FOR THE SALAD
- 1 bay leaf
- 1 tsp garlic powder
- 1/2 pound large (16 to 20 count) shrimp, peeled, deveined, and rinsed
- 3 cups (2½ oz) baby spinach
- 2 hard-boiled eggs, peeled and quartered
- 1/2 avocado, sliced
- 2 Tbsp sliced black olives
- 2 green onions, sliced thin, 1 tablespoon of the sliced green tops reserved
FOR THE DRESSING
- 1/3 cup mayonnaise
- 2 Tbsp sugar-free ketchup (such as Primal Kitchen Organic Unsweetened Ketchup)

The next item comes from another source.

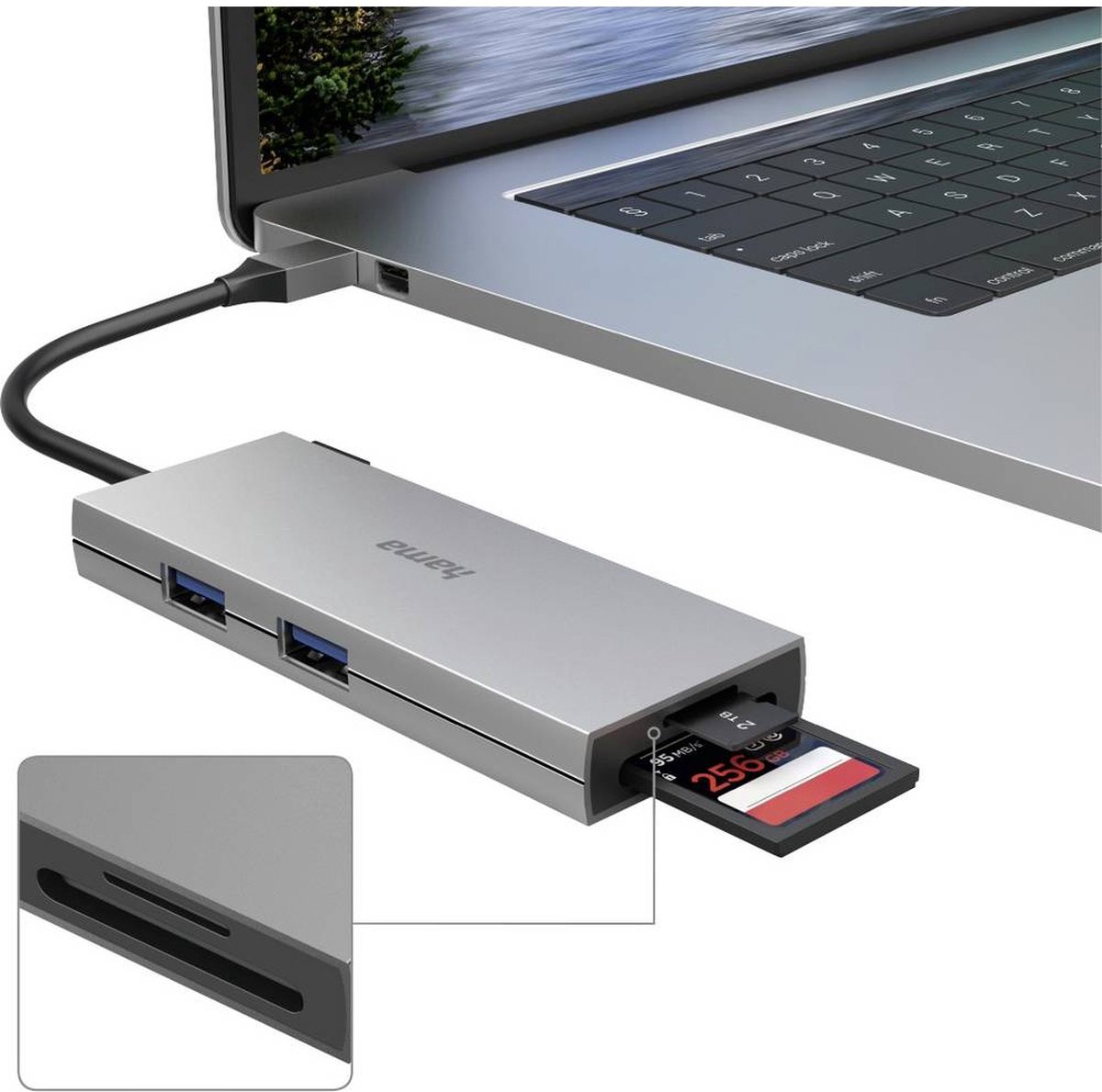 Hama USB-C-hub met 6 poorten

- 1/2 tsp hot sauce (optional)
- 1/2 tsp Worcestershire sauce
- 1/2 tsp sea salt
- 1/4 tsp freshly ground pepper
- Fill a medium bowl with iced water.
- In a saucepot, bring 4 cups of water and the bay leaf to a boil over high heat. Lower the heat to a simmer. Add the garlic powder, a few teaspoons of salt and the shrimp and simmer until pink, about 2 minutes. Drain and transfer the cooked shrimp to the bowl of ice water to cool. Drain and refrigerate, unless you are planning to serve right away.

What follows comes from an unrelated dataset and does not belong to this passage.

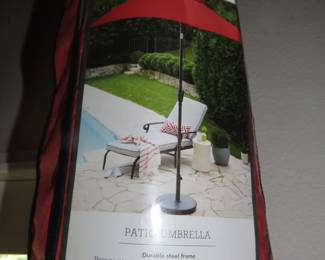 New Patio umbrella.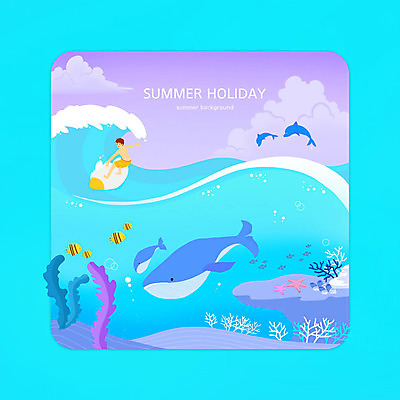 전신 PSD 남자 파도 바다 일러스트 한명 파란색 바닷속 서핑보드 서핑 고래 돌고래 남자한명만 여름배경 국내일러스트 1 컬러 백그라운드 포유류 사람 수중 수중동물 수상스포츠 보드_스포츠 남자만 파일형식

- Meanwhile, make the dressing: in a medium bowl, whisk together the mayonnaise, ketchup, hot sauce, Worcestershire sauce, salt, and pepper. Stir in the green onions.
- To serve: Bring shrimp to room temperature, 10 to 15 minutes. Distribute the spinach among individual dinner plates. Divide the egg quarters, and avocado slices among the salads. Salt lightly. Add the shrimp, then dollop each salad with dressing. Finish with the olives and reserved green onion tops. Serve.